In the U.S. Internal Revenue Code, the growth of the annuity value during the accumulation phase is tax-deferred, that is, not subject to current income tax, for annuities owned by individuals. The tax deferred status of deferred annuities has led to their common usage in the United States. Under the U.S. tax code, the benefits from annuity contracts do not always have to be taken in the form of a fixed stream of payments (annuitization), and many annuity contracts are bought primarily for the tax benefits rather than to receive a fixed stream of income. If an annuity is used in a qualified pension plan or an IRA funding vehicle, then 100% of the annuity payment is taxable as current income upon distribution (because the taxpayer has no tax basis in any of the money in the annuity). If the annuity contract is purchased with after-tax dollars, then the contract holder upon annuitization recovers his basis pro-rata in the ratio of basis divided by the expected value, according to the tax regulation Section 1.72-5. (This is commonly referred to as the exclusion ratio.) After the taxpayer has recovered all of his basis, then 100% of the payments thereafter are subject to ordinary income tax.
Since the Jobs and Growth Tax Relief Reconciliation Act of 2003, the use of variable annuities as a tax shelter has greatly diminished, because the growth of mutual funds and now most of the dividends of the fund are taxed at long term capital gains rates. This taxation, contrasted with the taxation of all the growth of variable annuities at income rates, means that in most cases, variable annuities shouldn't be used for tax shelters unless very long holding periods apply (for example, more than 20 years).
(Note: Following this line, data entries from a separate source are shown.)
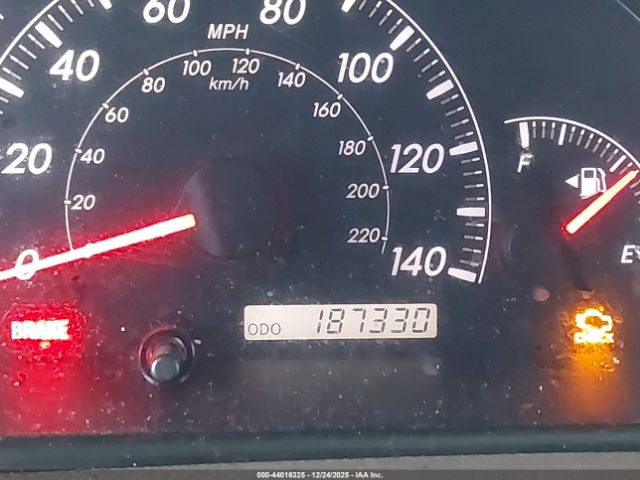 Toyota Camry Le Image 2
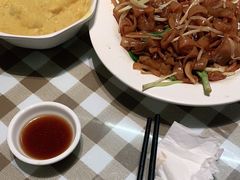 -新大咀港式茶餐厅(宝山万达店)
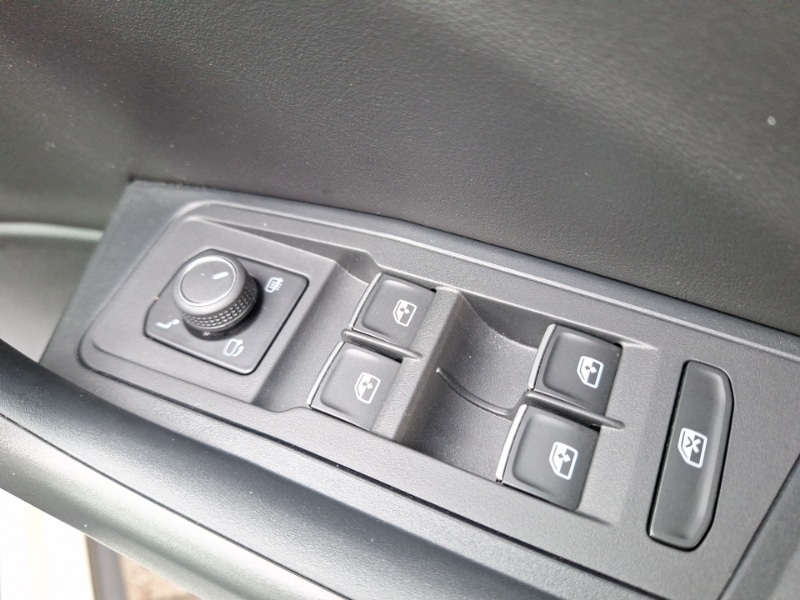 Used Volkswagen T-Roc 2023 for sale - 77410090: Photo 13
Also, any withdrawals before an investor reaches the age of 59 are generally subject to a 10% tax penalty in addition to any gain being taxed as ordinary income.
In the October 2003 edition of Wealth Manager, an article titled "Photo Finish" by W. McAfee, Jr. examined the effects of taxation on annuities relative to other investment vehicles. The author found that annuities are generally not effective as a tax deferral vehicle and that there are significant flaws in the use of annuities for financial planning during the accumulation phase.